_TASK OBJECTIVE_.
Each line from the one with "Picture of N,N,N’,N’-Tetramethyl-1,3-Propanediamine" through the last line of the material is to be printed exactly; no other line and no picture belongs in the copy.

.....

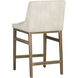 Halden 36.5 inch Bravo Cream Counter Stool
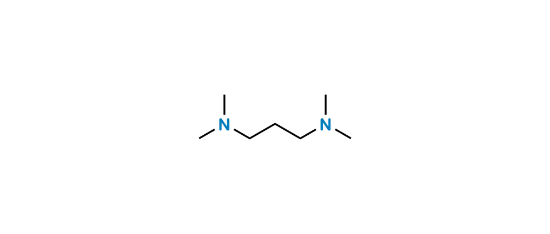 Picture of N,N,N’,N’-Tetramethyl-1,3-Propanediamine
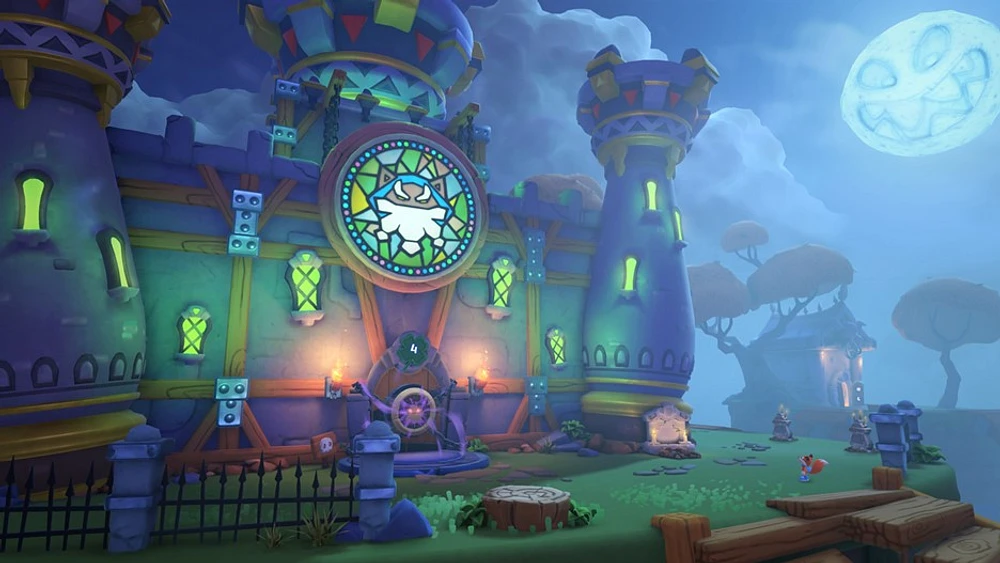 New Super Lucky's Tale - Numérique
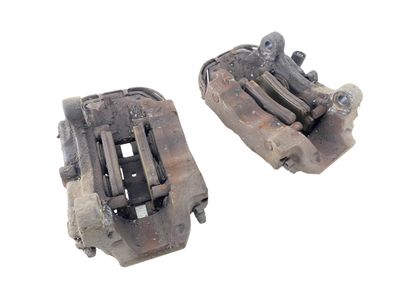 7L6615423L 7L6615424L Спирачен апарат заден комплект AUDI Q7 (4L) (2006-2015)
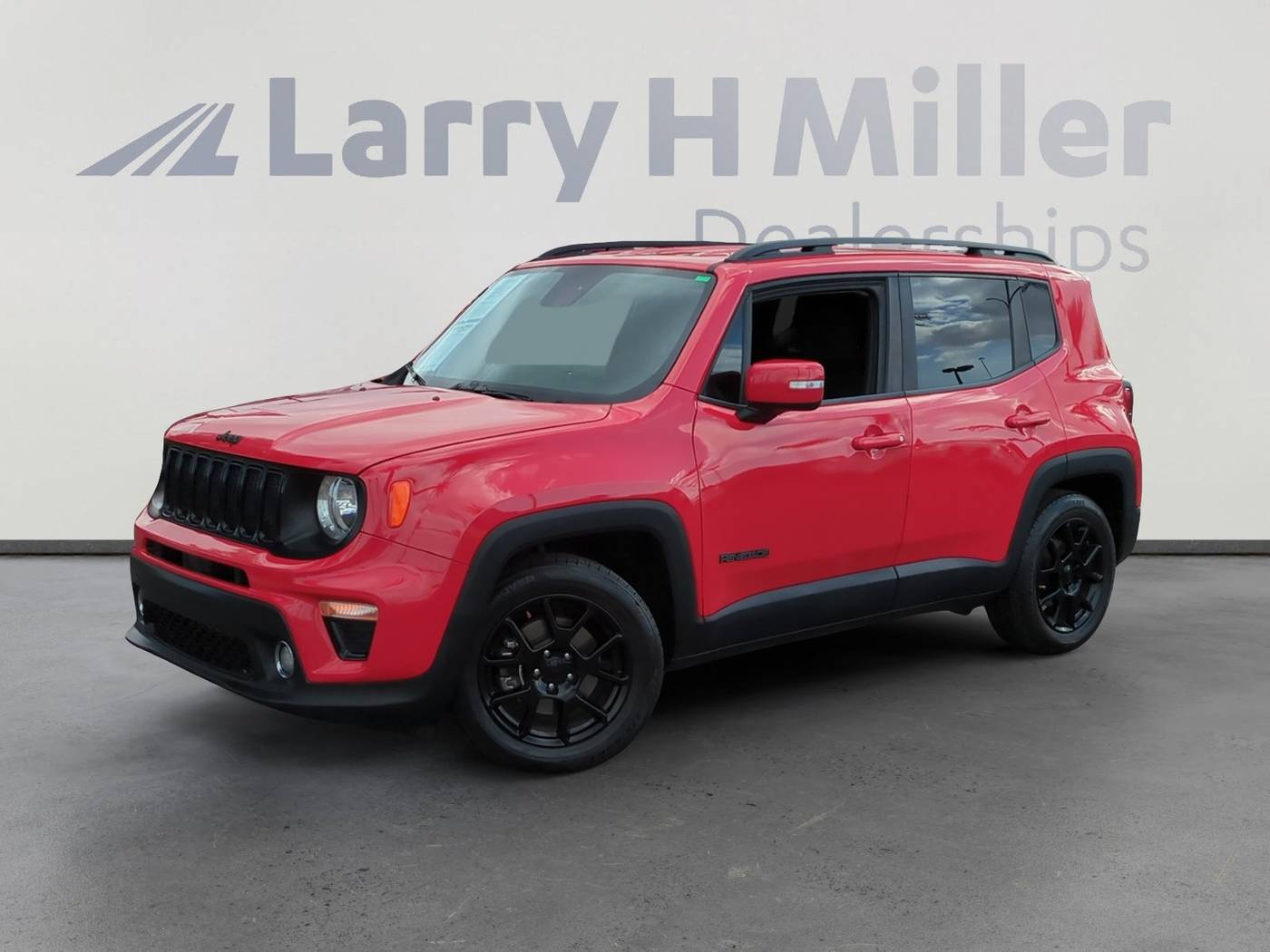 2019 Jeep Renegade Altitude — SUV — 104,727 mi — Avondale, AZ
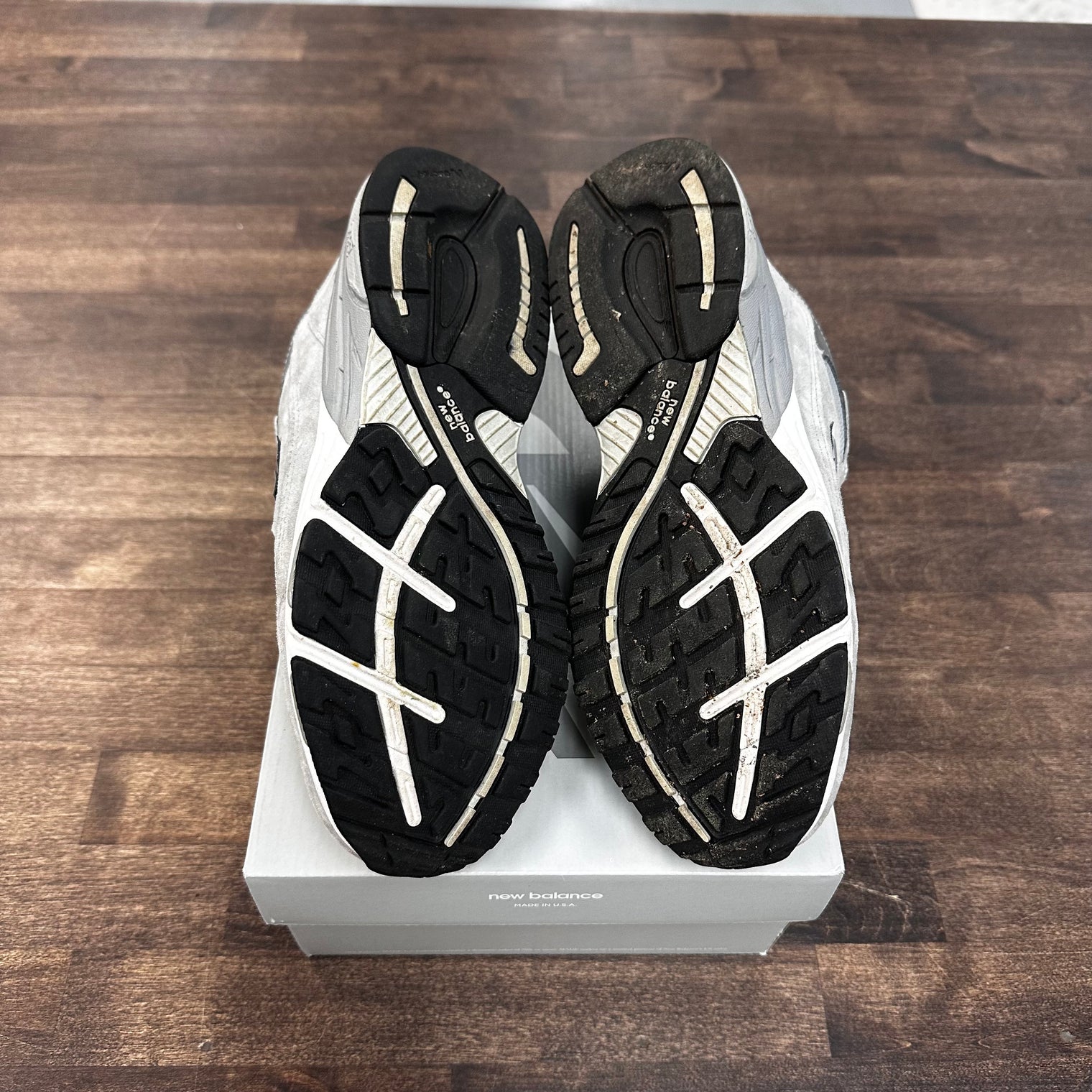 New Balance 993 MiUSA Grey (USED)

.....

_EXPECTED ANSWER_.
 Picture of N,N,N’,N’-Tetramethyl-1,3-Propanediamine
 New Super Lucky's Tale - Numérique
 7L6615423L 7L6615424L Спирачен апарат заден комплект AUDI Q7 (4L) (2006-2015)
 2019 Jeep Renegade Altitude — SUV — 104,727 mi — Avondale, AZ
 New Balance 993 MiUSA Grey (USED)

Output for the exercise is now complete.